Skip to content



High Ceilings

Traditional convection heating relies on warm air rising, reaching the ceiling, cooling, and then descending, creating a convection current that gradually heats a room. However, this process becomes inefficient in high-ceilinged structures like churches, where a substantial portion of the heat dissipates through the roof.

In contrast, underfloor heating emerges as the optimal solution for buildings with lofty ceilings. Its radiant heat nature concentrates precisely where occupants are situated, enhancing efficiency and comfort. By strategically distributing heat from the ground up, underfloor heating eliminates the drawbacks associated with conventional convection systems, ensuring a more effective and targeted warmth that is especially beneficial in spaces with soaring ceilings, such as churches.

Radiant versus Convective

The consensus reached at the “The Future of Heating in Historic Buildings” conference held in London in 2022 was clear: “where feasible, underfloor heating stands out as the optimal solution for heating churches.”

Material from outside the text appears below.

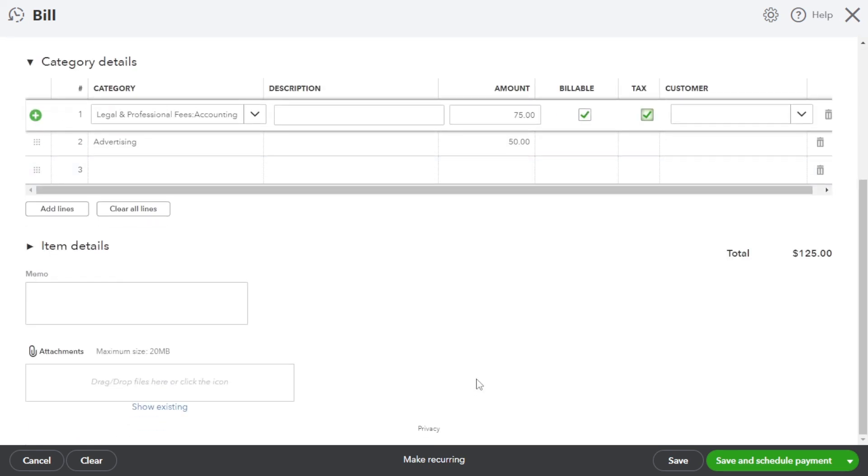Adding a bill also involves specifying additional details to accurately track and categorize the expense. QuickBooks Online provides flexibility to handle various types of bills including recurring bills, one-time expenses or vendor invoices.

When it comes to installing underfloor heating in a church, two primary methods are commonly employed:

  1. Installation on the Existing Floor: This involves placing the underfloor heating system on the existing floor, which results in a slight elevation of the floor level.
  2. Full Excavation: Alternatively, a comprehensive excavation approach is adopted, preserving the existing floor levels while integrating the underfloor heating system.

These two methods offer flexibility to cater to the diverse structural needs of historic churches, allowing for a tailored and effective application of underfloor heating technology.